The feature lists and brief explanations get shifted mostly to the back side, with ASUS throwing in some of the comparison charts as well. It is a stark contrast to the minimal front side.*www.techarx.com/imgs/reviews/x99-deluxe/box_back.jpg  

ASUS X99-Deluxe has the following box contents :

User's manual 
2 x Features/set-up guide 
1 x I/O shield 
8 x SATA 6 Gb/s cables 
1 x ASUS O.C. ADRENALINE case sticker 
1 x SLI bridge 
1 x Audio power plug 
1 x Q-Connector kit (2 pieces) 
1 x ASUS case badge 
1 x ASUS HYPER M.2 X4 PCIe card 
1 x M.2 Support stand 
1 x Fan Control Hub 
1 x Driver disc 
*techarx.com/wp-content/uploads/2014/11/box_content-1024x682.jpg 

The X99-Deluxe has a new black and white livery. The motherboard is matte black, and so are the heatsinks. ASUS however applies a glossy white plastic cover with subtle blue streaks on the chipset and VRM heatsinks. To continue with the aesthetics ASUS also provides a similar cover for the naked I/O port top sections and the shielded audio section, spanning the entire left hand side of the motherboard. It looks very nice, but the glossy cover may or may not be everybody’s thing.

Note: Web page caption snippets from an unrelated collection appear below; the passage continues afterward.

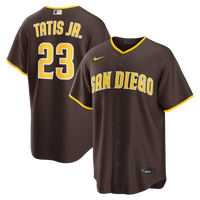 San Diego Padres Fernando Tatis Jr. Nike Brown Road Replica Jersey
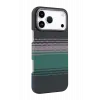 Newface Apple iPhone 17 Pro Vega Magsafe Kapak - Yeşil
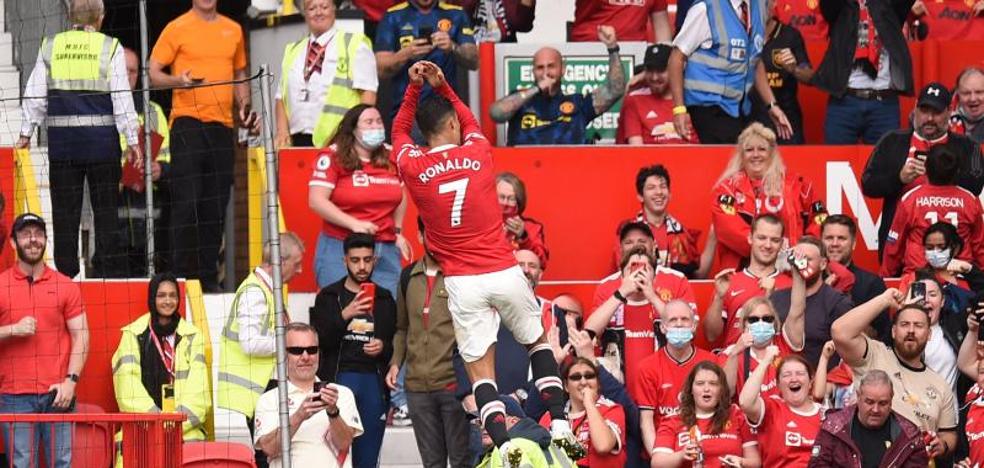 Cristiano Ronaldo pone patas arriba Old Trafford - Vimarsana News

Nevertheless, it is nice to see ASUS try to improve upon their usual black-blue/black-gold color schemes.
 *techarx.com/wp-content/uploads/2014/11/ASUS-X99-Deluxe-2D-839x1024.jpg_I
mage Courtesy: AnandTech_On 
the top center of the board is the LGA 2011-3 socket, flanked by eight DIMM slots, four on each side, enabling up to 64 GB of DDR4 DRAM in quad channel configuration. Around the CPU area, we see a single 8 pin power connector and a couple of fan headers (CPU_FAN, CPU_OPT). The MemOK! Button is near the top right hand corner of the motherboard, easily under reach. The socket is a little different here. What ASUS is calling their proprietary OC-Socket is something that many users might find interesting. It turns out that some of the pads on the LGA2011-v3 processor aren’t meant for normal use. Intel also preps their processors to be used with a certain number of pins, but ASUS here has equipped the OC-Socket with those extra pins which can be probed into those pads of the processor to unlock better CPU/memory overclocking. ASUS claims that the OC-Socket provides better stability during extreme overclocking and also helps with pushing extra volts through the components. We’re not sure whether this is bypassing the normal process of voltage routing via FIVR for Haswell/Haswell-E, and the long-term stability of this is yet to be seen, but for now this looks like something interesting.
*techarx.com/wp-content/uploads/2014/11/expansions-682x1024.jpg

For expansion, we see 5 PCIe 3.0 x16 slots and a single PCIe 2.0 x4 slot. Now here’s a catch: if you have an i7-5820K, you are limited to 28 PCIe lanes, and the slots operate at x16, x16/x8 or x8/x8/x8 mode with the last two slots operating at PCIe 2.0 x1 mode. For other processors, you get full 40 PCIe lanes, and the configuration changes to x16, x16/x16, x16/x16/x8, x8/x8/x16/x8, x8/x8/x8/x8/x8.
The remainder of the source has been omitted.